Voyant is web-based text-mining tool that allows a user to visually analyze a collection (which in Voyant is called a corpus) of text documents. It can be found at http://voyant-tools.org. While it might seem confusing or hard to use at first, once you have spent a little time exploring its features and seeing how it works, you will be glad you did. It only takes a few example searches to see how useful it can be as a text analysis tool. In my case, I performed several example searches using transcripts of the WPA Slave Narratives provided by Project Guttenberg as my corpus of literature. On Voyant’s home page, it is easy to paste in a full text for analysis (if you are looking to analyze one document) or you can upload multiple documents or add URL links to text files. Once you do that and click the reveal key, the real magic begins.

There are many different ways to analyze your texts. The first feature is called Cirrus. It creates a text cloud which is a visual representation of the most commonly used words in your document or corpus of text. By clicking the small gear icon in the top corner, you can easily filter out all of the normal day-to-day English words (like is, was, he, she, the, it, etc.) so that your text cloud is more interesting and reveals the key terms or subjects from your corpus. While working with the slave narratives, I additionally had to filter out other “everyday words” like “dem” and “dat” that are common in the slave narratives. After doing that, I was left with a very interesting collection of words: old, come, white, good, man, master, folks, plantation, time, slaves, n—–(s), master/marster, died, like, little, mammy, colored and house. By hovering over any of the words, you can see how many times they occur in your corpus of literature.

Another fascinating tool in Voyant is the Word Trends tool.

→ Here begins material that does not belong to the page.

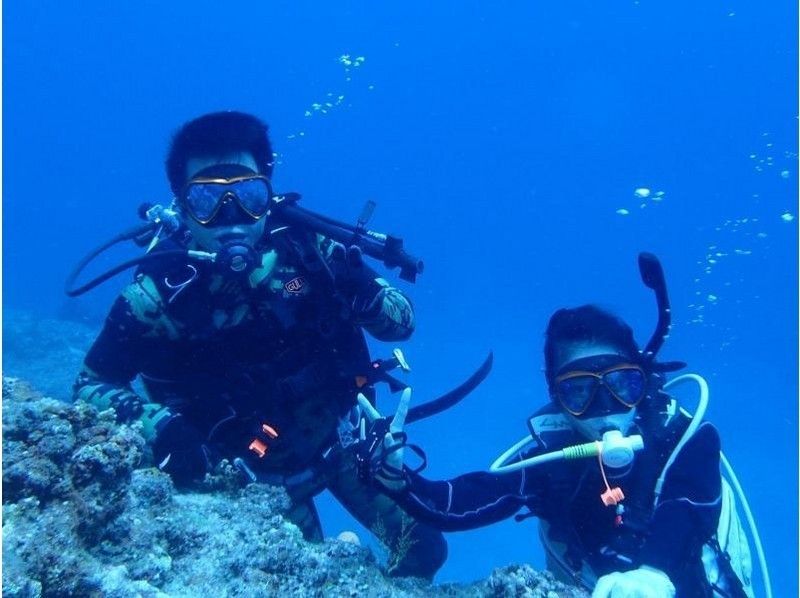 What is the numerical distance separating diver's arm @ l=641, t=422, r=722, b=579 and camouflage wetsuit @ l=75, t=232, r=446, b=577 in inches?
65.8

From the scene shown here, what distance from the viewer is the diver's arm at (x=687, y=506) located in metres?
3.23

You can pick out different words from your word cloud and have Voyant graph them visually to see how their usage changes in the different documents in your corpus. You can graph multiple words simultaneously and compare their usage. In my example, I decided to compare two words used at the time to describe African Americans: “colored” and “n—–(s).” Voyant provided me with a graph that showed the number of occurrences of both words in each of my documents (which each corresponded to a different state where the former slave was interviewed).

(Click on the graph for a larger and clearer view)

As you can see from the graph, the results were quite interesting. The states whose slave narratives overwhelming used the word “n—–(s)” were: Alabama, Georgia, Kansas, Mississippi, North Carolina, Oklahoma, and Texas. The states where the term “colored” was more often used were: Arkansas, Indiana, Ohio and Maryland. The two terms are found in about the same number of usage in slave narratives from Kentucky, Missouri, South Carolina, Tennessee, Virginia. The narratives from Florida, did not make much use of either term.

A student of history might not be too surprised with these findings, seeing as the term “n—-(s)” (which today is considered very derogatory) was found mostly in the deep South, or the new Southwest that was opened after the Louisiana Purchase. On the other hand, the term “colored” was used a lot in Ohio and Indiana, which had always been free land going back to the Northwest Territory. States where the two terms seem to have been used interchangeable were some of the border states (like Kentucky or Virginia). The two outliers that don’t seem to fit and would be worthy of closer examination are Florida and South Carolina (which one might think would fall with the other states of the deep south).

Voyant allows you to do that closer reading. By hovering over a data point, it shows you the number of instances of that term in a certain document and leads to a list of all of the instances of that term in the text, which you can click on see the terms in context in the Corpus Reader frame right next to the graph. While Voyant doesn’t prove any hard facts, it can give you interesting trends which can prompt research questions that you want to investigate further. (One must be careful though, to remember that the model is based on certain sources and does not represent the totality of evidence for a subject.)

For example, with my slave narrative example, I might want to further investigate the usage of those two terms in slave narratives from Florida and South Carolina to figure out why they do not fit with the trends from the other states. I might go back to Cirrus (the word cloud) or the Summary window to find out if there is another reverent term for African Americans that was missing from my original search. Or I might want to use the Corpus reader or the Keywords in Context frame to look at how those two terms are actually being used in the narratives. Are the interviewees using these terms to describe themselves or other slaves? Or are they are describing how their master referred to them? The possibilities for questions are endless.

While at first I was hesitant to embrace Voyant, I am now very impressed. First of all, its shear computational ability is amazing. But I think what is even more exciting for scholars, is the ability to visualize patterns which prompt new questions and directions for research. Voyant does not give you a final answer. Instead, it provides a jumping off point that, when the right questions are asked, may lead to an amazing discovery.